Shares of Becton, Dickinson and Company (BDX - Free Report) fell 0.3% to $217.02 on Dec 26 following the Federal Trade Commission’s (FTC) nod for the much talked about C. R. Bard acquisition. C.R. Bard was however up 0.6% and closed at $333.41.
Becton, Dickinson and Company now awaits approval by the Ministry of Commerce of the People's Republic of China (MOFCOM) to complete the proposed acquisition. It also needs to fulfill certain customary closing conditions
In April 2017, Becton, Dickinson signed an agreement to acquire C.R. Bard. Per management, Becton, Dickinson is on track to become one of the biggest medical technology devices company in the world with this buyout. The cash-plus-stock acquisition is valued at $24 billion. After the completion of the deal around, Becton, Dickinson and Company will create a third business segment – BD Interventional. Notably, C.R. Bard will be integrated into this vertical.

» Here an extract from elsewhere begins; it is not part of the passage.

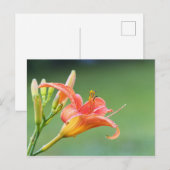 Ditch Lily Briefkaart (Voorkant / Achterkant)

Further, Becton, Dickinson and Company announced that it will divest its soft tissue core needle biopsy products along with C. R. Bard's Aspira product line of tunneled home drainage catheters and accessories for $100 million to Merit Medical Systems, Inc. (MMSI - Free Report) in order to facilitate approval for the acquisition.
C. R. Bard had announced back in August that the majority of its shareholders approved its merger with Becton, Dickinson. Holders of approximately 99% of C.R. Bard’s shares that participated in the vote favored the merger.
Benefits for Becton, Dickinson and Company
Coming to the strategic advantages post the deal closure, Becton, Dickinson and Company will generate high-single digit growth in adjusted earnings per share by fiscal 2019. The transaction will also lead to $300 million in pre-tax annual savings in fiscal 2020.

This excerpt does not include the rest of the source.